DATA FOR THIS EXERCISE below:

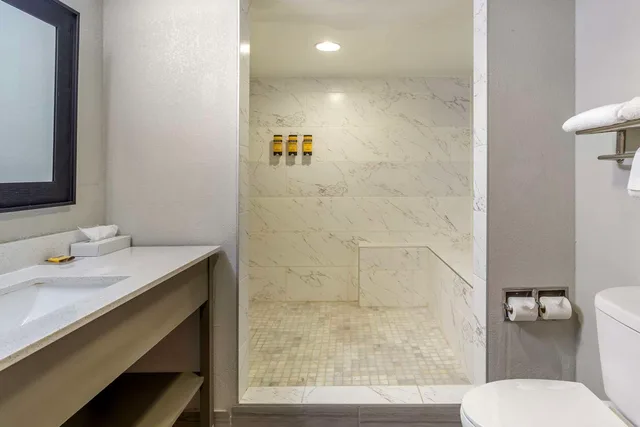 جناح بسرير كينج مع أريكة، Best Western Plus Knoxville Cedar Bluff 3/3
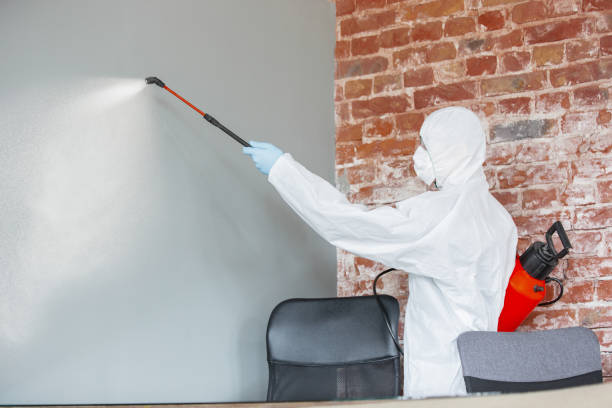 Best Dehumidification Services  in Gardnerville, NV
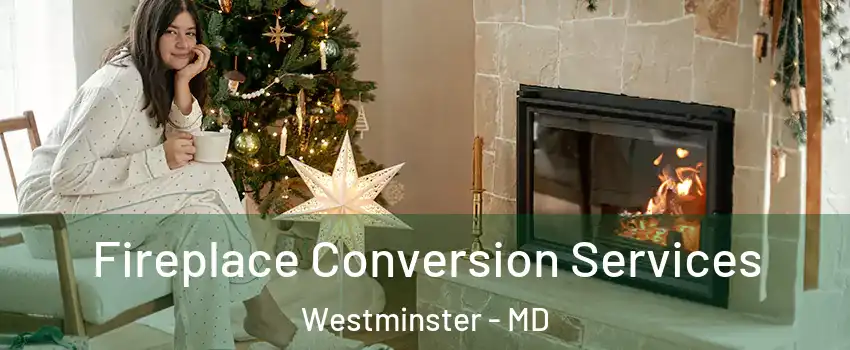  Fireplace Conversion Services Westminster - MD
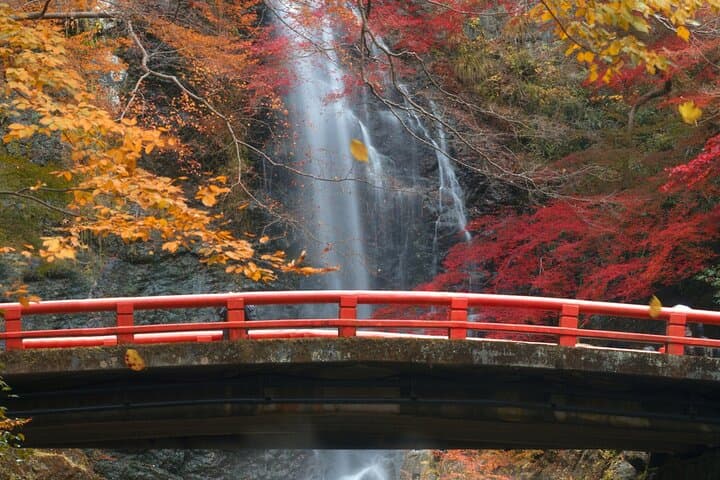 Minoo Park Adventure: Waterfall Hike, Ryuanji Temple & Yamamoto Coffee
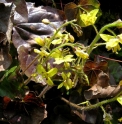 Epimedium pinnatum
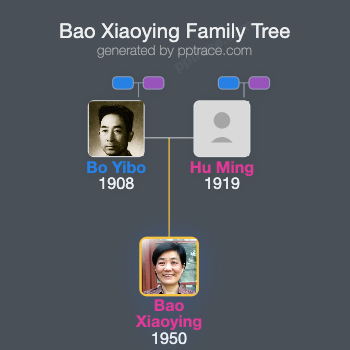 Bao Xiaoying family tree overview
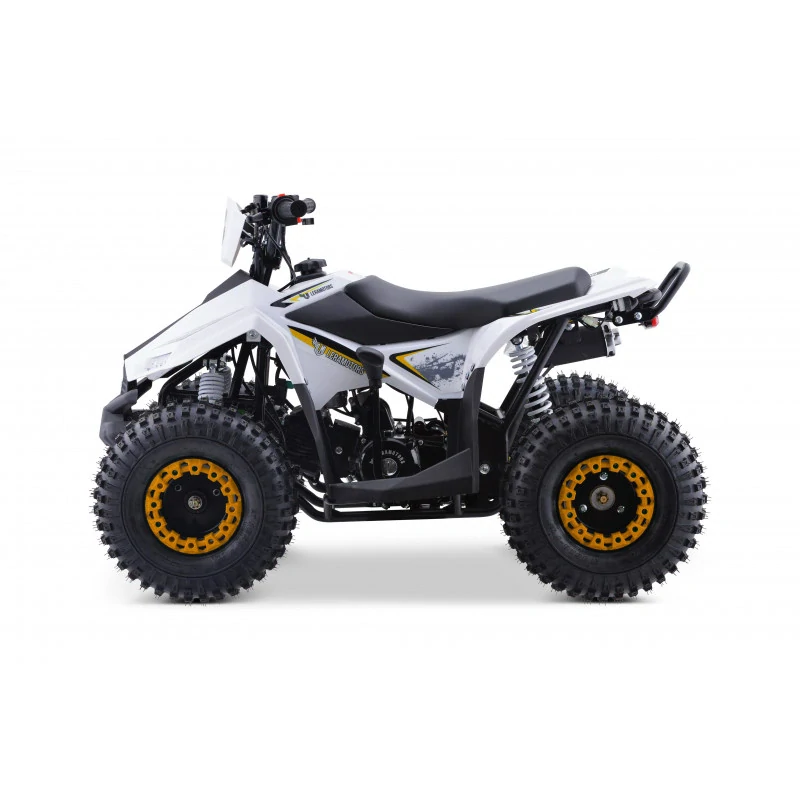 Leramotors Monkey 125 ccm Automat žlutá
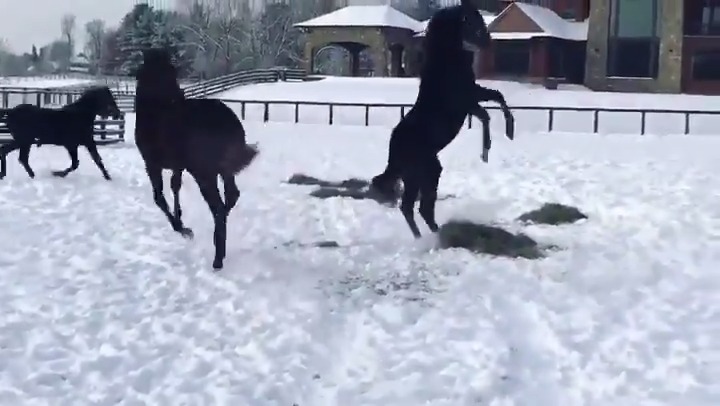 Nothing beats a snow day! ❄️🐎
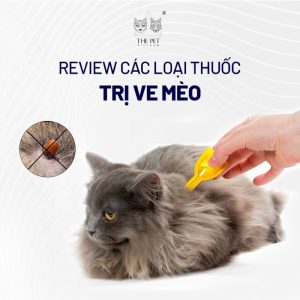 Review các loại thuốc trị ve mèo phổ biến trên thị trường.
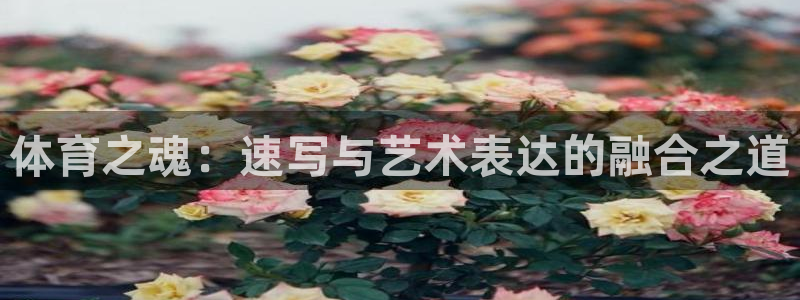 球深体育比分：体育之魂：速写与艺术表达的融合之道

End of DATA FOR THIS EXERCISE.

== WHAT THIS TASK INVOLVES ==
Retype all the records shown above, character for character. Omit every picture.

== TASK OUTPUT ==
 جناح بسرير كينج مع أريكة، Best Western Plus Knoxville Cedar Bluff 3/3
 Best Dehumidification Services  in Gardnerville, NV
  Fireplace Conversion Services Westminster - MD
 Minoo Park Adventure: Waterfall Hike, Ryuanji Temple & Yamamoto Coffee
 Epimedium pinnatum
 Bao Xiaoying family tree overview
 Leramotors Monkey 125 ccm Automat žlutá
 Nothing beats a snow day! ❄️🐎
 Review các loại thuốc trị ve mèo phổ biến trên thị trường.
 球深体育比分：体育之魂：速写与艺术表达的融合之道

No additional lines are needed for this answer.